Susan Lewis’ Don’t Believe a Word (HarperCollins) is the biggest new release of the week to make a dent in the MMF Top 20, taking eighth place with 5,919 copies sold at the first time of asking, which is up 34.5% compared to Lewis’ March release Nothing to See Here which sold 4,401 copies in its first week on sale before jumping to a peak of 7,056 units two weeks later.
Finally, the Paperback Non-Fiction Top 20 remains relatively static compared to the rest of this week’s charts with the top four titles staying the same this week – despite all of them experiencing double-digit percentage drops in sales.
Gillian Anderson’s Want (Bloomsbury) declines the least, with sales contracting 11.1% to 4,619 units, keeping the Hollywood star 1,216 copies clear of second-placed The Courage to Be Disliked by Ichiro Kishimi and Fumitake Koga (Allen & Unwin).
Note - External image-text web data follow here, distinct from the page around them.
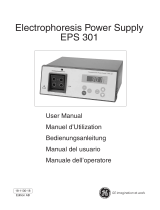 GE ELECTROPHORESIS EPS 301 Manual de usuario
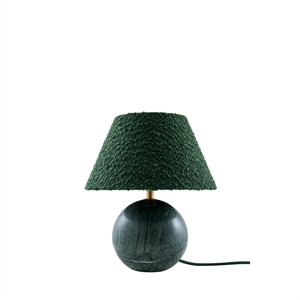 Globen Lighting Castello Bordlampe 24 Mørkegrøn Marmor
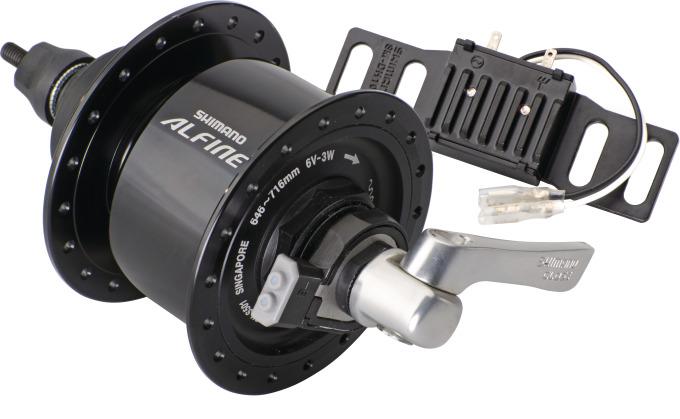 SHIMANO ALFINE Nabendynamo DH-S501 3 Watt Center-Lock black - Premium Bikeshop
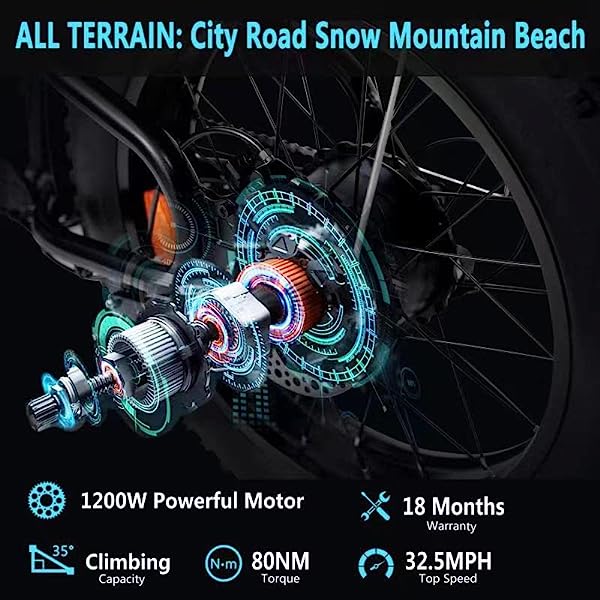 🔥Hot Sale Now🔥 Adult electric bicycle 1200W brushless motor.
Despite new releases helping take the Top 50 to a rise of 1.1% compared with the previous seven days, volume across the TCM has dropped 4.7% to 3.1 million books while, in-line with previous weeks, value has fallen at a slower rate, down 2.9% to £29.2m. Compared with the same week last summer, volume is down 8.1%, with value declining 4.4%.